TASK INSTRUCTIONS ▸ Starting at the line containing "You can remove" and ending at the line containing "I think the", transcribe the listing below exactly. Keep both end lines, skip the pictures, and copy nothing else.

PROVIDED RECORDS ▸
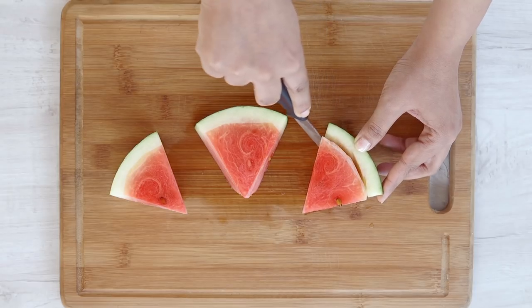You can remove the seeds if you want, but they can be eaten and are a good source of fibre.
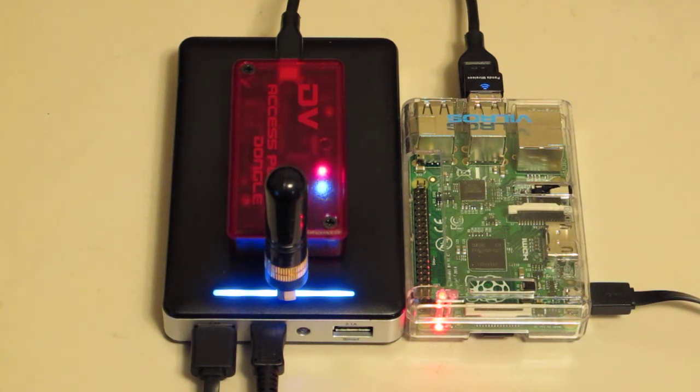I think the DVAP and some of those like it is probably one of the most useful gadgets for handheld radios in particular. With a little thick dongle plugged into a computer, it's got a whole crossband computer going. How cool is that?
---
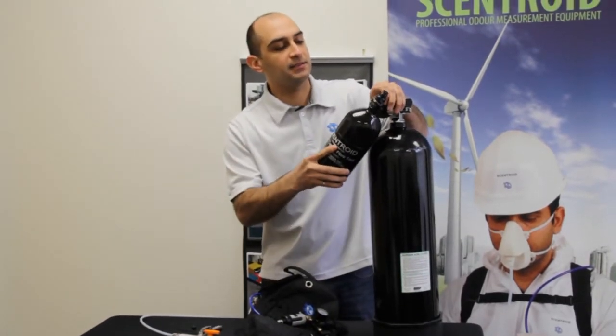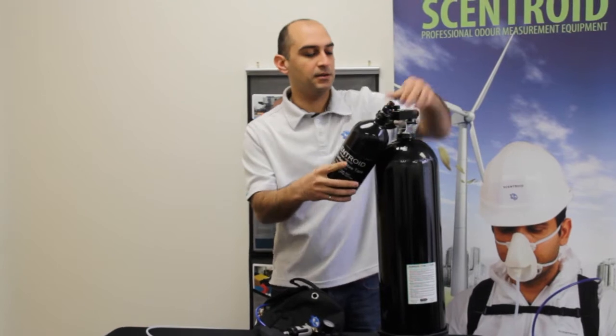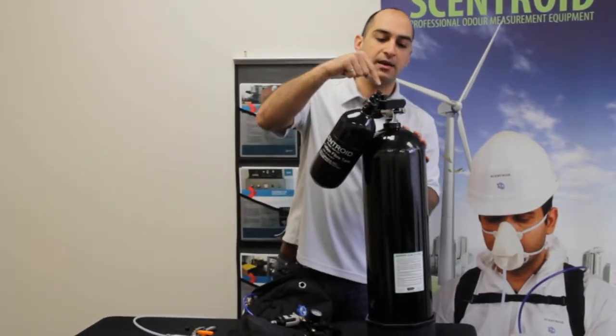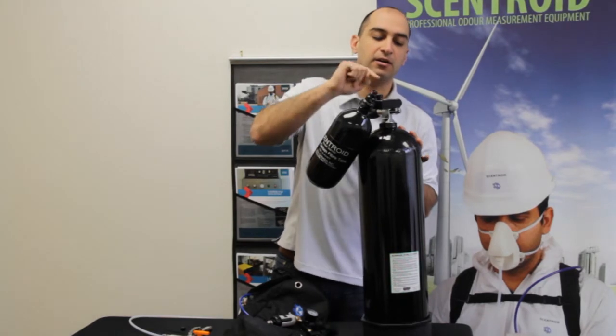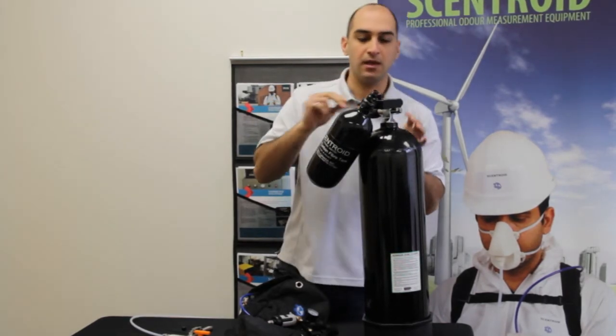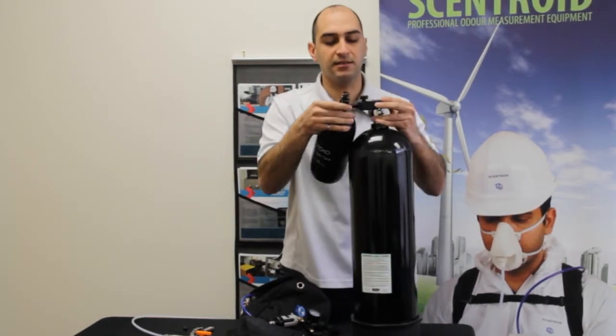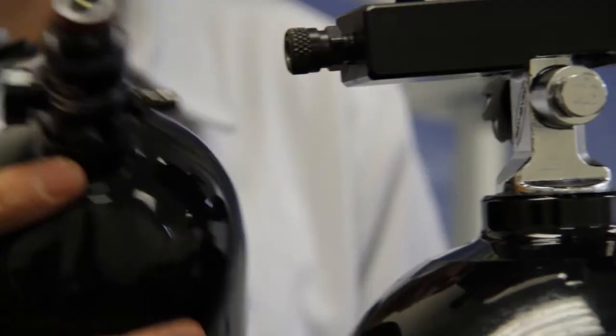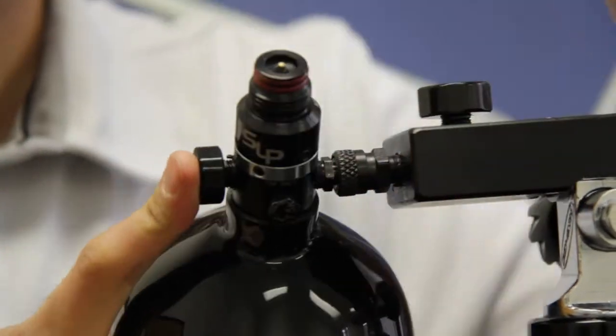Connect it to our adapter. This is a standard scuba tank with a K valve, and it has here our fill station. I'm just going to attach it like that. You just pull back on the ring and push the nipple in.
---
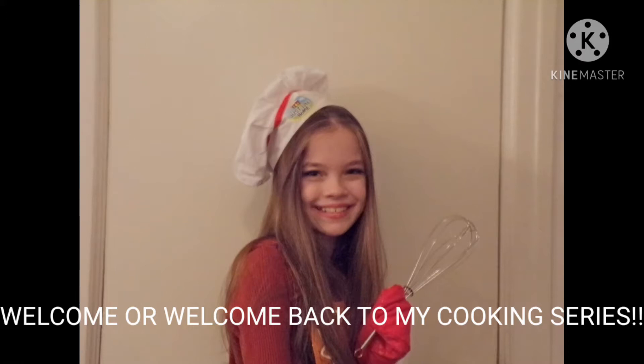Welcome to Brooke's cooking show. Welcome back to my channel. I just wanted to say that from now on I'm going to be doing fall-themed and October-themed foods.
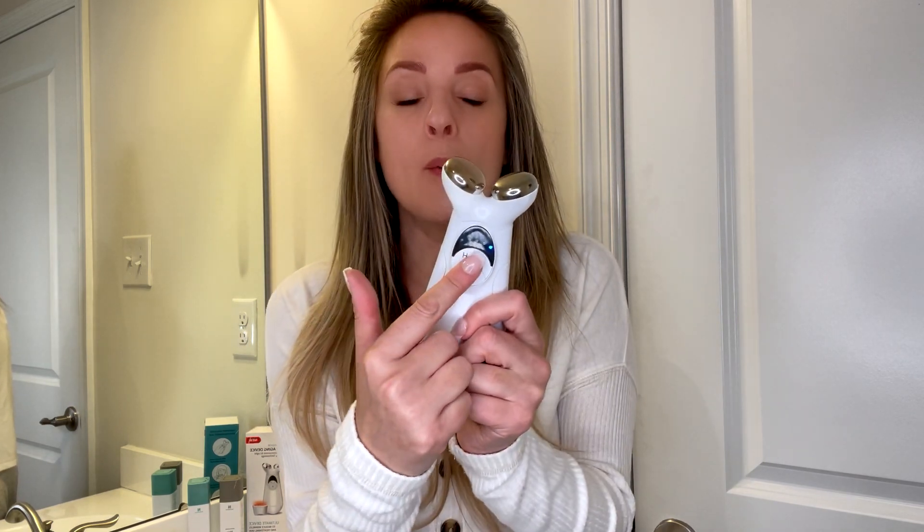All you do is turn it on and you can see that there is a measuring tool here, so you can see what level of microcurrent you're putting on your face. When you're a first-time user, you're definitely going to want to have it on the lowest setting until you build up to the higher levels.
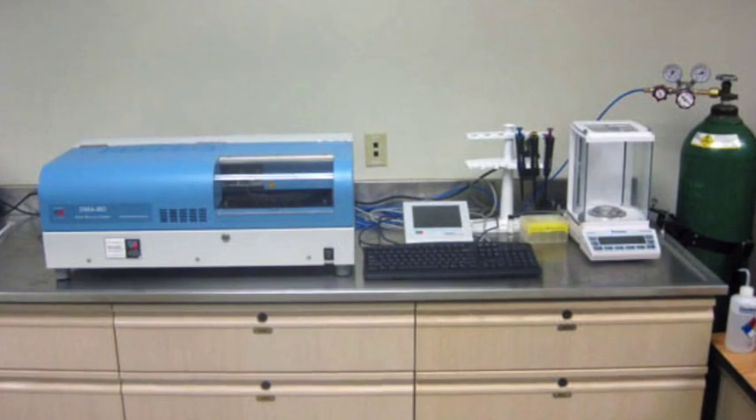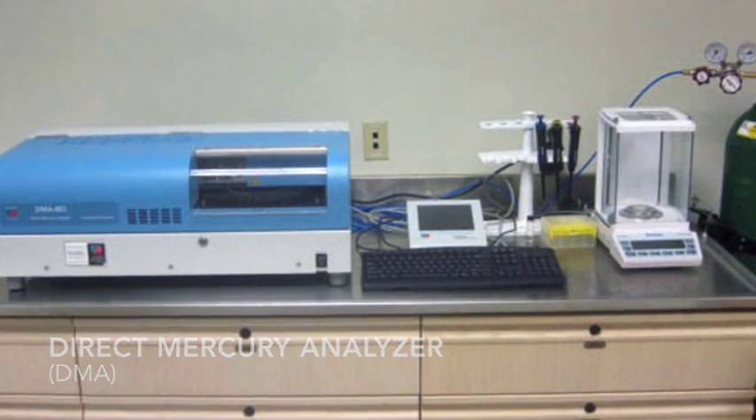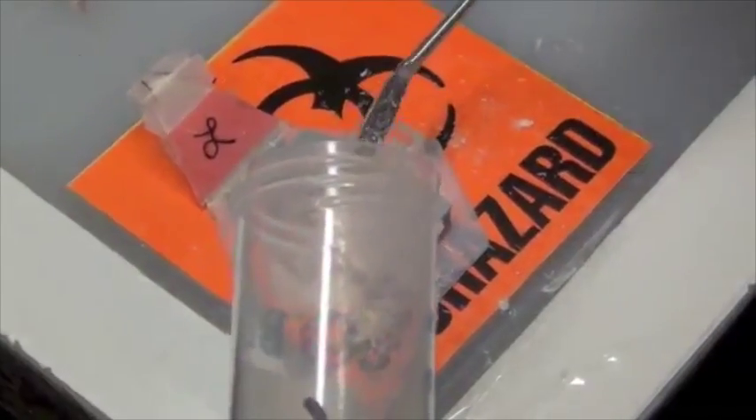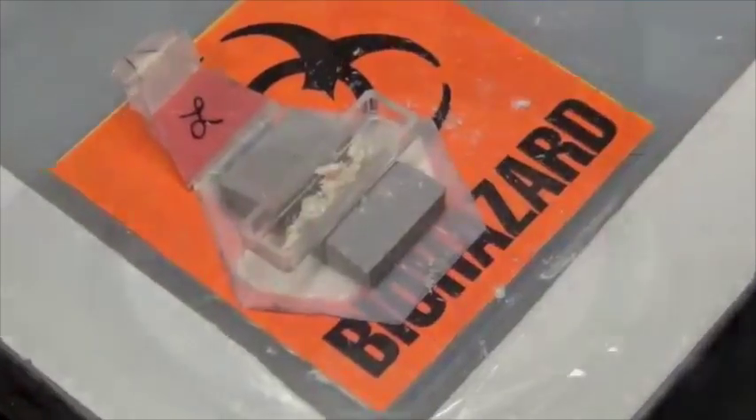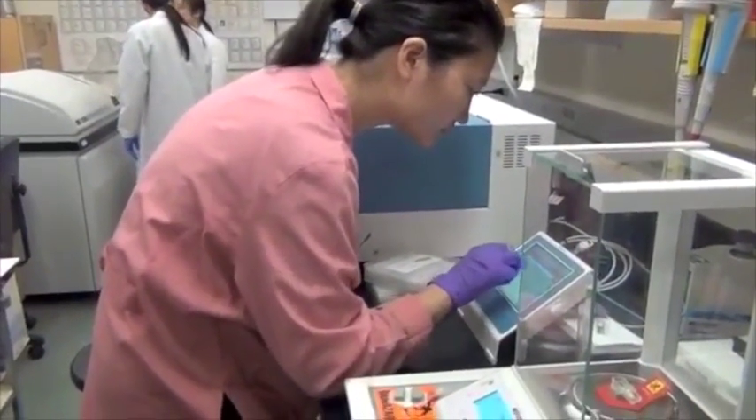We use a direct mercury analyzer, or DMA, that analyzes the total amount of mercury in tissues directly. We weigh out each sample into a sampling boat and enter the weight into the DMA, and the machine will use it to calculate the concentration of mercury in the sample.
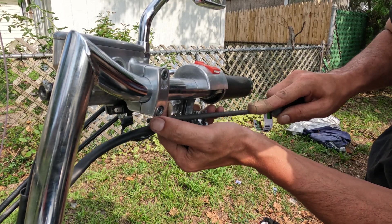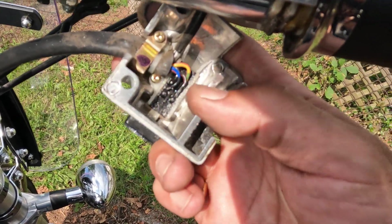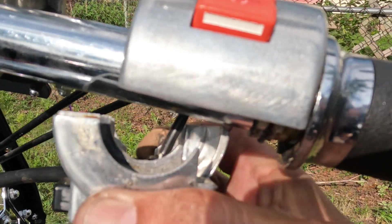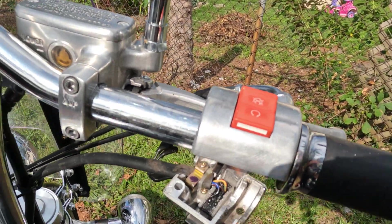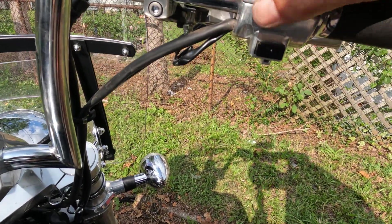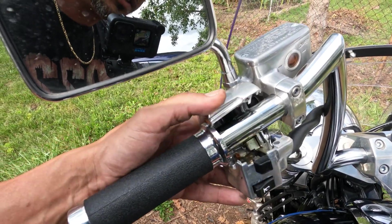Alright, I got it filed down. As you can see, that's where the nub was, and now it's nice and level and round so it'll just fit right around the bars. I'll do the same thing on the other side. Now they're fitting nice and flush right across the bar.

RESULT OF THIS TASK ▸
You can remove the seeds if you want, but they can be eaten and are a good source of fibre.
I think the DVAP and some of those like it is probably one of the most useful gadgets for handheld radios in particular. With a little thick dongle plugged into a computer, it's got a whole crossband computer going. How cool is that?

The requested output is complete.